Things have been quiet here at Hope Like Mad because I’ve been in more of a reflective place with lots of questions running through my head. At times I feel like there is just clutter that fills my mind, and if i try to articulate any of the thoughts that I think i do have, they just come out flat… with no life in them.

Like the story of the paralyzed man whose friends carried him when he could do nothing for himself, who let him down through the roof where Jesus was teaching to find healing. I found some words that helped articulate what I could not and to found healing in them.

In Barbara Brown Taylor’s book Leaving Church she writes of her exprience after leaving the church after years of finding her identity there.

I had never read scriptures more carefully in my life, which caused scales to fall from my eyes. Over and over, I discovered how the traditional interpretations of a passage had so determined my reading of it that it was hard for me to see what was actually on the page…

If none of this had ever come to my attention before, one reason was because I had never had so much time to read before, but another reason was because Mother Church had little interest in the things that were interesting me. Her job was to take care of her family. Why should she get into discussions that might cause them to lose confidence in her? Why encourage them to raise questions for which she had no answers? Even more important, why waste valuable time time rehashing things that had been settled centuries ago when there was so much to do around the house right now? I understood her reasons, I really did. I was just looking for some way to stay related to her that did not require me to stay a child.

Because I had left the house, I found less and less to talk about with people who were still happily engaged inside. At clergy gatherings I felt like a single woman listening to dedicated parents discuss day care and home remedies for colic. When I spoke of things that I found fascinating, the resounding silence told me how far I was from the center of the map and how much my distance sounded like disloyalty. Church people who could tell I was in the wilderness were kind enough to invite me back inside the house, but even when I went to visit I did not want to stay. I did not know how to behave anymore. I could no longer speak the lines that I had been given to say.
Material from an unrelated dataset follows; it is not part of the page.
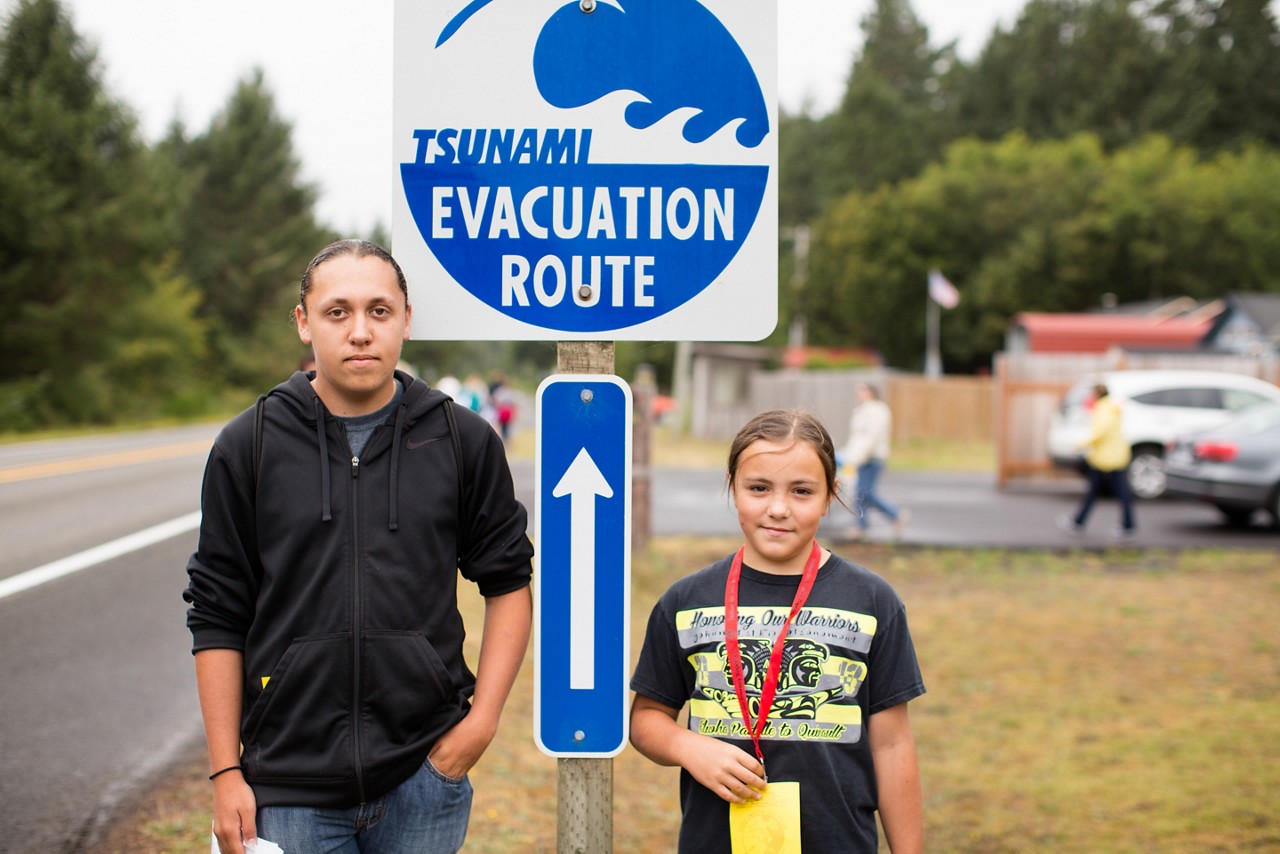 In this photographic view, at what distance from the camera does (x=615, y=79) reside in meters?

I wanted to go back outside.

If my time in the wilderness taught me anything, it is that faith in God has both a center and an edge and that each is necessary for the soul’s health. If I developed a complaint during my time in the wilderness, it was that Mother Church lavished so much more attention on those at the center than on those at the edge.

One Response to “Leaving Church”

  1. I loved this book.

    I found so much hope in it. I read it about a year after I had left church and she encouraged me to be much more positive than I had been.